Schlüsse aus dieser Erkenntnis oder gar Schuldzuweisungen veröffentlichte die indische Flugunfall-Untersuchungsbehörde in ihrem Bericht am Samstag nicht. Ein deutscher Luftfahrtexperte vermutete eine vorsätzliche Tat eines Piloten.

Pilotenfrage: Treibstoffzufuhr unterbrochen

Sekunden vor dem Absturz der Boeing 787-8 Dreamliner in Ahmedabad am 12. Juni wurden die beiden Schalter für die Kraftstoffzufuhr der zwei Triebwerke von „run“ (offen) auf die Position „cutoff“ (geschlossen) gekippt, wie die Ermittler der indischen Behörde zur Untersuchung von Flugunfällen (AAIB) in ihrem 15-seitigen Zwischenbericht schildern.

Aufzeichnungen des Cockpit-Stimmenrecorders zufolge fragte daraufhin einer der beiden Piloten den zweiten, warum er die Treibstoffzufuhr unterbrochen habe.
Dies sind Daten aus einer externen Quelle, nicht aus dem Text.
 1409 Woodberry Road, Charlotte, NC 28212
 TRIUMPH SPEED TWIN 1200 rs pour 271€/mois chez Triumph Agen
Dieser antwortete, das habe er nicht getan.

Die Maschine verlor rasch an Höhe, kurz darauf wurden die Schalter für die Treibstoffzufuhr wieder angeschaltet. Die Triebwerke nahmen zwar offenbar wieder Fahrt auf, doch kurz darauf setzte einer der Piloten mit „Mayday, Mayday, Mayday“ einen Notruf ab. Auf die Nachfrage des Towers, was los sei, gab es schon keine Antwort mehr. Fluglotsen sahen die Maschine abstürzen und alarmierten die Rettungsdienste.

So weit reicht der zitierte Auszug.